* **EXERCISE MATERIAL**
:::

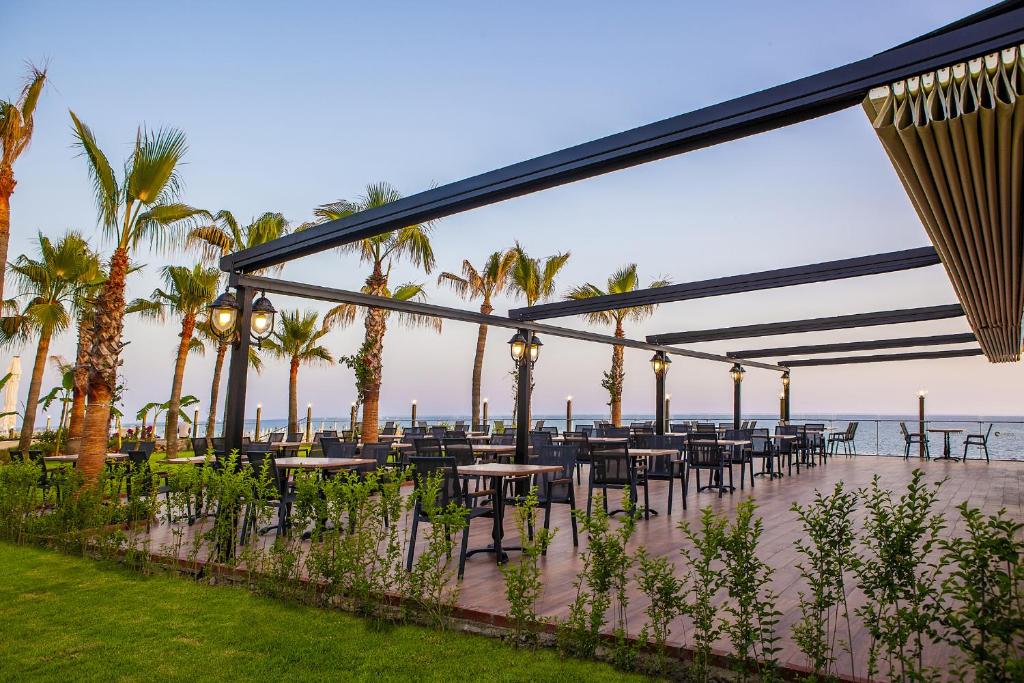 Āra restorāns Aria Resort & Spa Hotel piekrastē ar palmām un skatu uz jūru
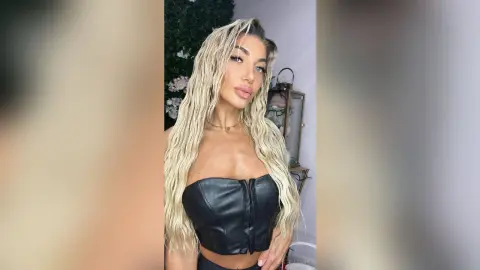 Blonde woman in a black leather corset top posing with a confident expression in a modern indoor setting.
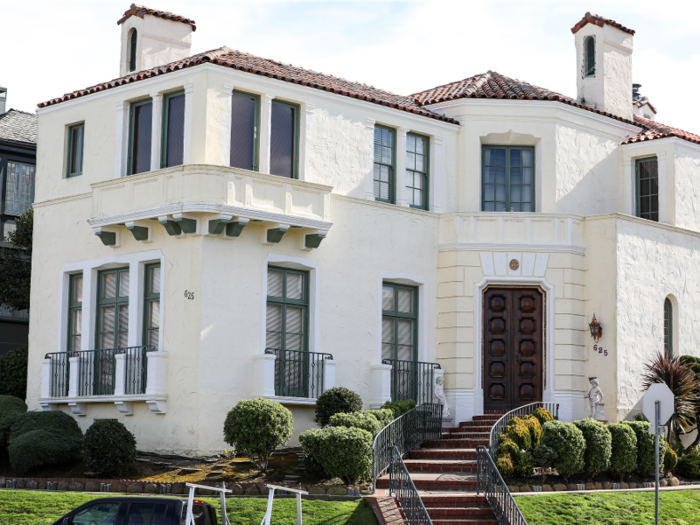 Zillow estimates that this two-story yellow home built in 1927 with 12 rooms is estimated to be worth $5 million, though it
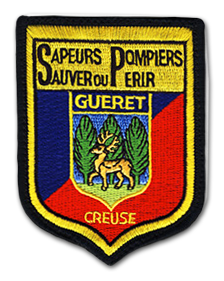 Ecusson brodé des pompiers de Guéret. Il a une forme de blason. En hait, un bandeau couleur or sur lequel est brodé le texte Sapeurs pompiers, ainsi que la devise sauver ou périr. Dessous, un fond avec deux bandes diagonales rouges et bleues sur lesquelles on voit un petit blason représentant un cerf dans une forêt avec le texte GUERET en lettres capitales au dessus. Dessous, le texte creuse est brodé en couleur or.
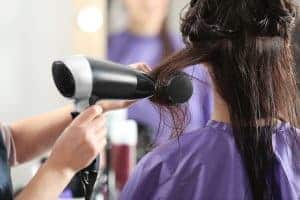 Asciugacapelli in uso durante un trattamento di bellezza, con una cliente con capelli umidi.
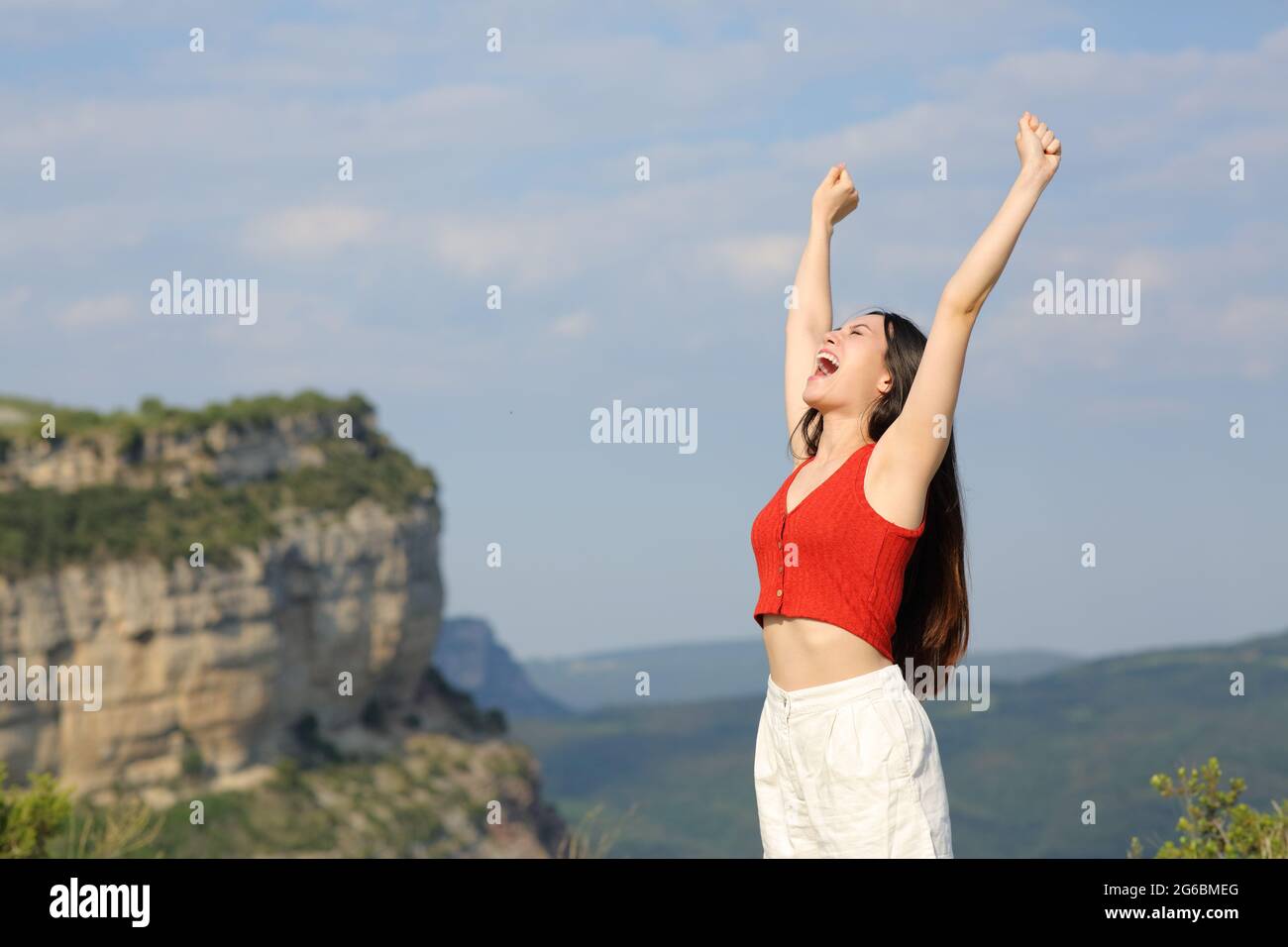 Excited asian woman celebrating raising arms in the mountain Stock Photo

:::

* **WHAT YOU HAVE TO DO**
Please write out exactly the lines from the one holding "Asciugacapelli in uso" through the last line of the material above, both included, as a copy without pictures.

* **YOUR SOLUTION**
 Asciugacapelli in uso durante un trattamento di bellezza, con una cliente con capelli umidi.
 Excited asian woman celebrating raising arms in the mountain Stock Photo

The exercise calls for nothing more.